Culturally there seems to be a trend in this desire for happiness. Or the quest for happiness. That happiness appears to be a birth right. Something we feel entitled to. But are we? Are we supposed to be granted a level of happiness that disconnects us from our heartaches and challenges? I don’t think so. I believe that there is an overarching goal of happiness that seems to be taking over our social networks. Just open up your FB, instragram or any other social media platform and you will see endless displays that appear to be happiness. But are they really as happy as they appear? Are you really as happy as you show the world…or even your friends and family?
In order to search for happiness, we must also be allowed to feel that it is OK to not feel happy every single day. That feeling crappy is also OK. Have you ever tried to hide your deep sadness from a dear friend for fear of being judged? That somehow you may be less desirable to be around if you are not exuding a certain level of positivity? As if you should look for the good in everything that comes your way. Have you ever found yourself saying ‘well the good in this is..’ or ‘at least I learned…’ how about ‘look at the brightside…’. Look at the language we use just so we don’t have to admit our true feelings?
In order to have a real conversation with yourself about happiness. You need to first establish what brings you joy? What do you enjoy doing? Do you enjoy being of service to others? Going for a run? Reading a good book? Eating lovingly prepared food? Hanging out with your lover or snuggling with your kids? Cleaning your house? Going to a party? Making space for people that you enjoy being around? Sleeping in? Cleaning out your fridge once a week? Finally tackling your to do list? If we spend our time avoiding the things that make us happy, because we feel that there are more important things we need to be attending to….well our happiness lags, until eventually you may look at your life and wonder how you’ve wandered so far away from feeling good.

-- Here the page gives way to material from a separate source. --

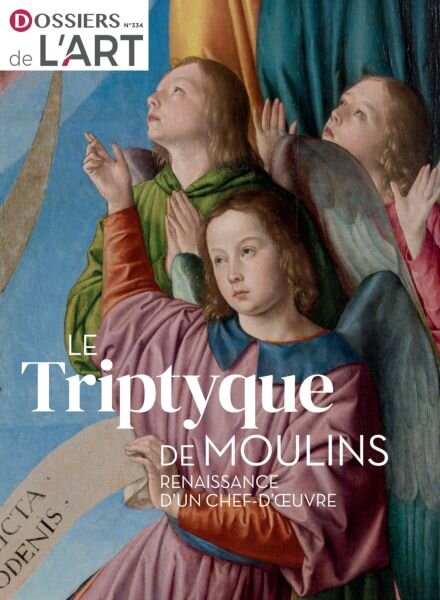 Dossiers de l’Art – N 334 2026 Cover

I used to believe that I didn’t have space for pleasure, that it was indulgent behavior that I shouldn’t indulge in. I realized that thinking is a little backwards, that if I don’t allow for enjoyment how can I possibly show up in a joyful way for others that matter in my life.
Look around at those who seem happy and ask them what they fill their days with. You will likely discover that they fill themselves up with what they enjoy, not what others think they should be doing. It’s going to be a challenge to actualize a feeling of happiness within, when you are not even sure what makes you happy, or if you’re living for other people’s wants of you.
There is a baseline of happiness we need to create for ourselves in order to be able to allow that feeling to be more reachable in our day to day life. For myself having an organized home and office gives me great satisfaction. For most of us what happens on the outside is happening on the inside, so a calm outer world brings me great inner peace. I make sure I prioritize things that bring me pleasure in my life. I feel great joy when I make time to make my bed before I leave the house in the morning. Having healthy nutritious food in my fridge makes me feel abundant. Making time to get exercise makes me happy and promotes my creativity. Spending quality time with my daughter is one of the best parts of my day. Breathing in my lover when he is beside me at the table. I have become more and more grateful for as many moments in my day as I remember to be. A healthy dose of gratitude is the cherry on the top of your happiness scale.
When I stack all those things together, my baseline is filled up. That way when something happens in my life that is disappointing I am already feeling full, so it doesn’t pull me deep down into despair. You see – if your baseline is running on empty, any event in your life can leave you feeling easily disappointed and depleted.
So what would it take to make yourself happier today? What parts of yourself are you ignoring that are screaming for a little attention? What are the small things that make you feel so great? Take stock of those things and add them as ingredients, creating your happy life. Allow for your baseline to move above the line of feeling depleted. From there, you can add extras like vacations, doing a dream expedition, hanging out with a friend you haven’t seen in a while, and being invited to a party. The extras feel more deluxe when your baseline is already filled. You’ll be able to enjoy those moments with even more gratitude.